What you return must be the full data, repeated verbatim, with no pictures in it.

◆ ◆ ◆

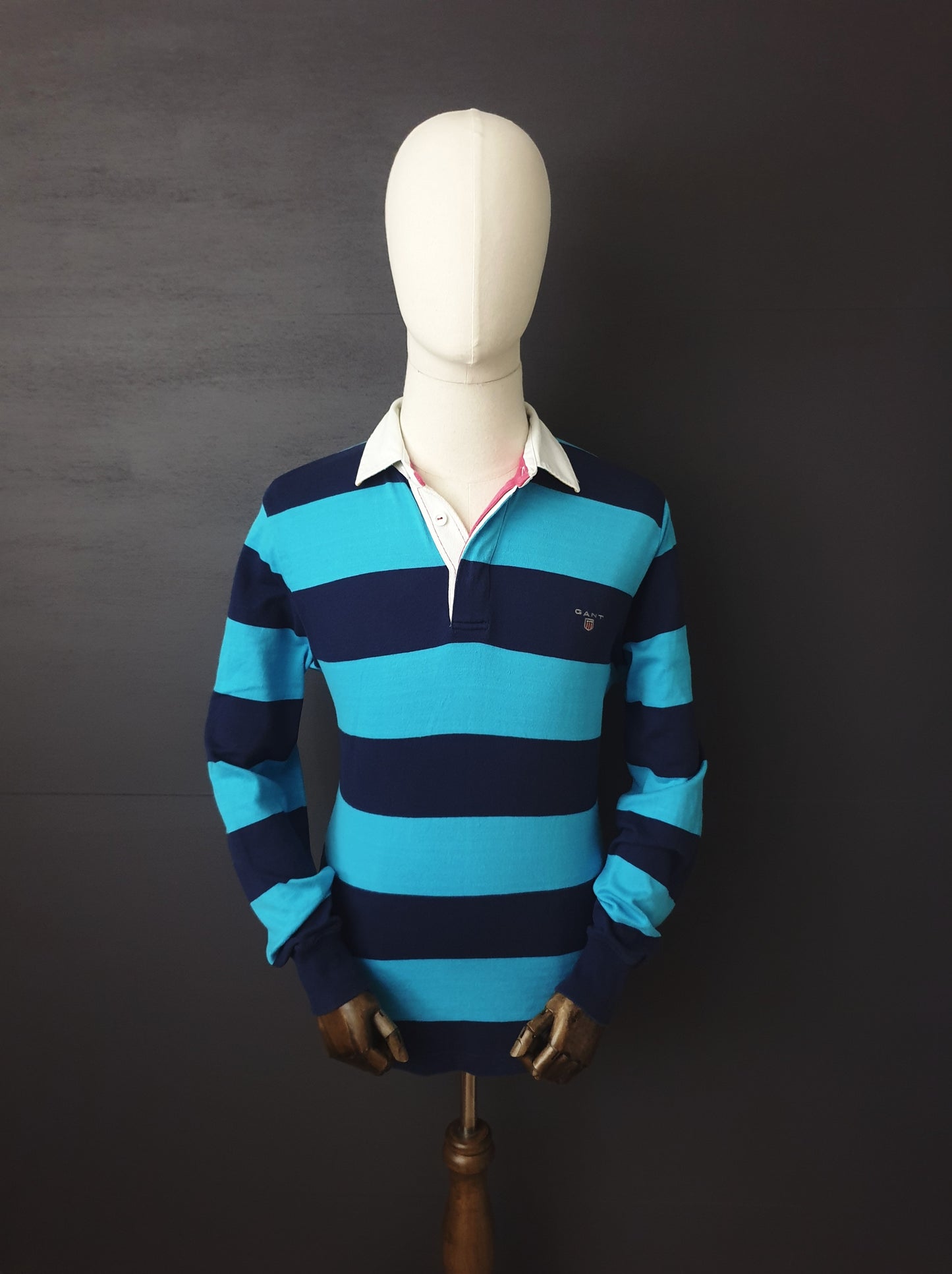 GANT Bar Stripe Rugby Heavy Rugger Long Sleeve Shirt in Turquoise/Navy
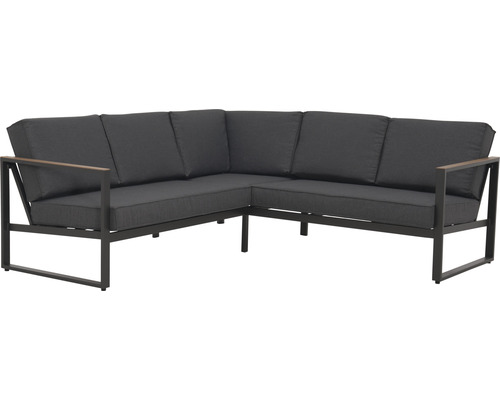 Canapé d''angle avec cadre métallique et coussins gris pour l''extérieur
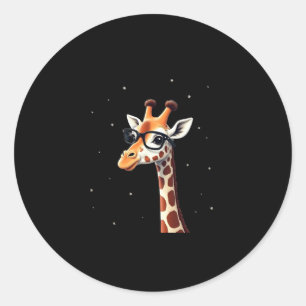 Adesivo Redondo Camiseta de Girafa Hipster de Boas Festas Masculin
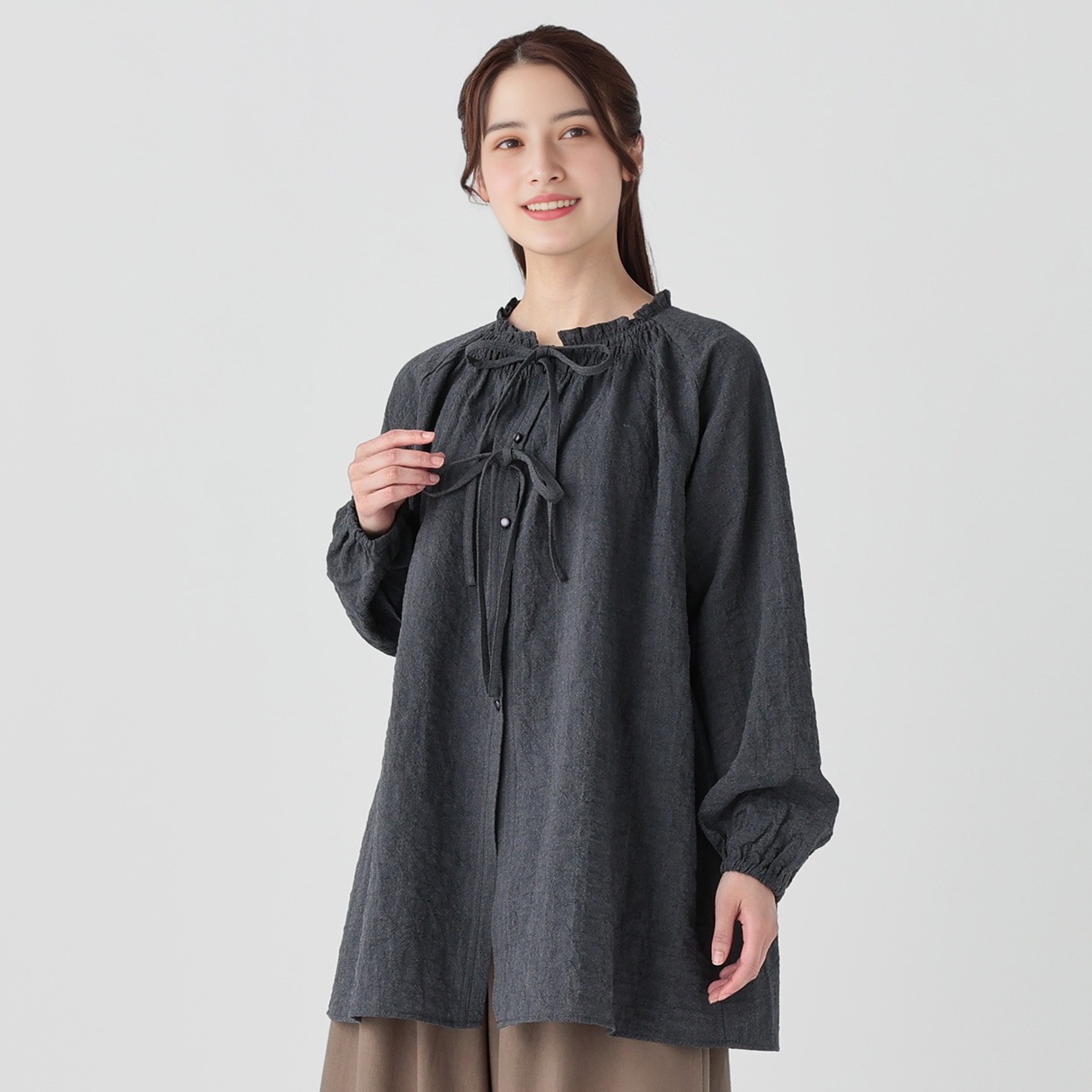 強撚リボン使いチュニック オーガニック綿入 レディス SELF+SERVICE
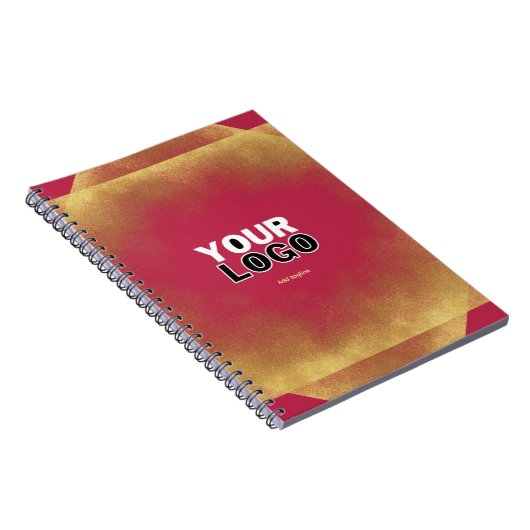 金ゴールドグリッタービバマゼンタファブカスタムロゴ&スローガン ノートブック (右側)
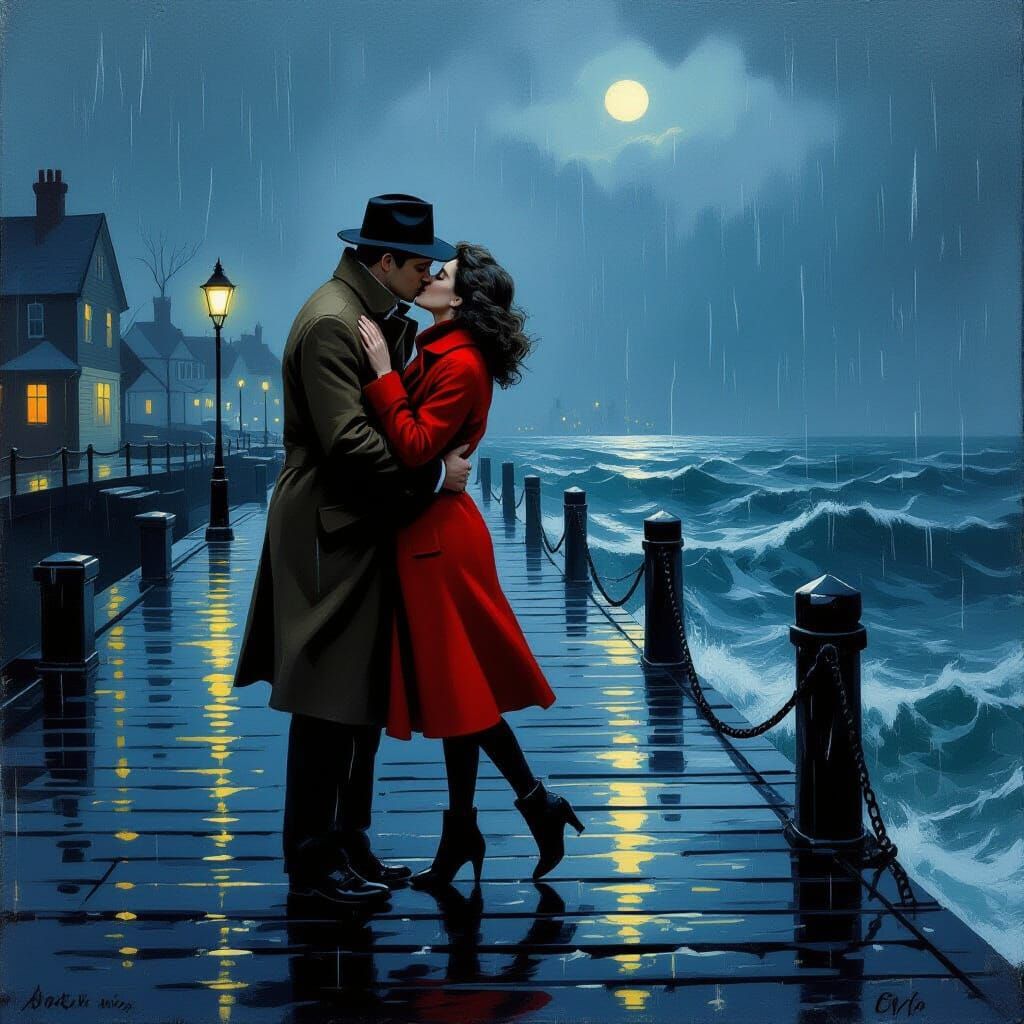 Passionate Kiss on Rainy Dock in Moody Seaside Village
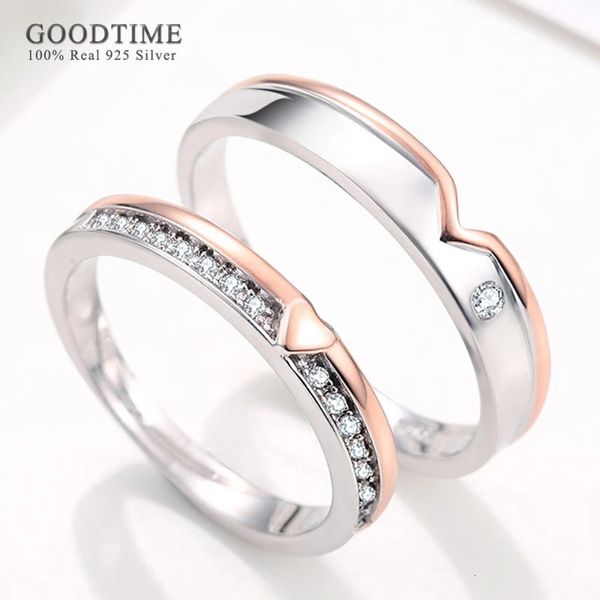 Casal de moda Acontece para amantes 100% puro 925 Sterling Silver Rhinestone Jewelry Zircon Anéis de casamento Presente para homens 240414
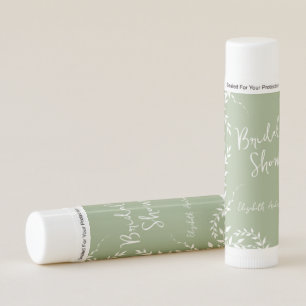 Sage Green Botanical Leaves Bridal Shower Lip Balm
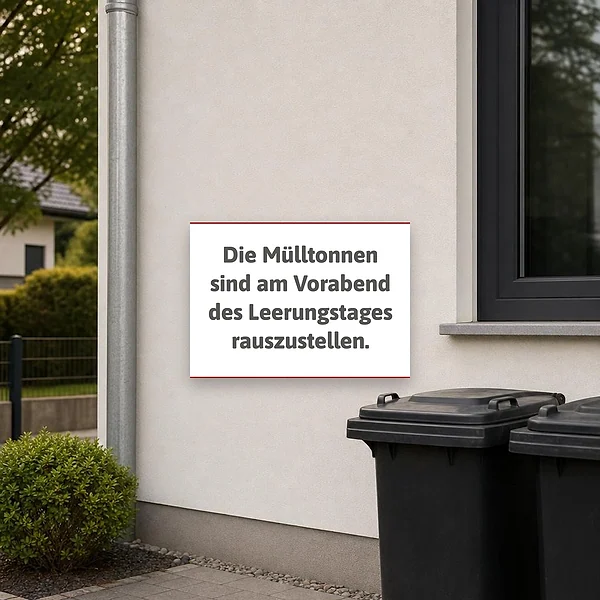 Aushang an einer Hauswand neben dem Müllplatz, der Bewohner daran erinnert, die Mülltonnen am Vorabend des Leerungstages bereitzustellen.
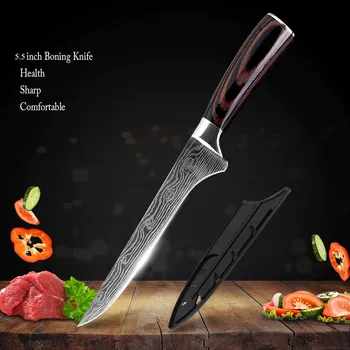 

5.5 inch Curved Boning Knife Kitchen Stainless Steel Knife Bone Salmon Sushi Petty Raw Fish Filleting Knife Cover Sheath Case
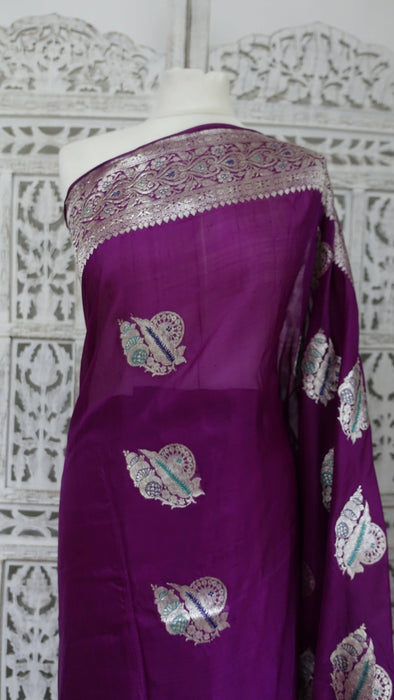 Purple Silk Banarsi Sari - New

◆ ◆ ◆

Answer space ▸
 GANT Bar Stripe Rugby Heavy Rugger Long Sleeve Shirt in Turquoise/Navy
 Canapé d''angle avec cadre métallique et coussins gris pour l''extérieur
 Adesivo Redondo Camiseta de Girafa Hipster de Boas Festas Masculin
 強撚リボン使いチュニック オーガニック綿入 レディス SELF+SERVICE
 金ゴールドグリッタービバマゼンタファブカスタムロゴ&スローガン ノートブック (右側)
 Passionate Kiss on Rainy Dock in Moody Seaside Village
 Casal de moda Acontece para amantes 100% puro 925 Sterling Silver Rhinestone Jewelry Zircon Anéis de casamento Presente para homens 240414
 Sage Green Botanical Leaves Bridal Shower Lip Balm
 Aushang an einer Hauswand neben dem Müllplatz, der Bewohner daran erinnert, die Mülltonnen am Vorabend des Leerungstages bereitzustellen.

5.5 inch Curved Boning Knife Kitchen Stainless Steel Knife Bone Salmon Sushi Petty Raw Fish Filleting Knife Cover Sheath Case
 Purple Silk Banarsi Sari - New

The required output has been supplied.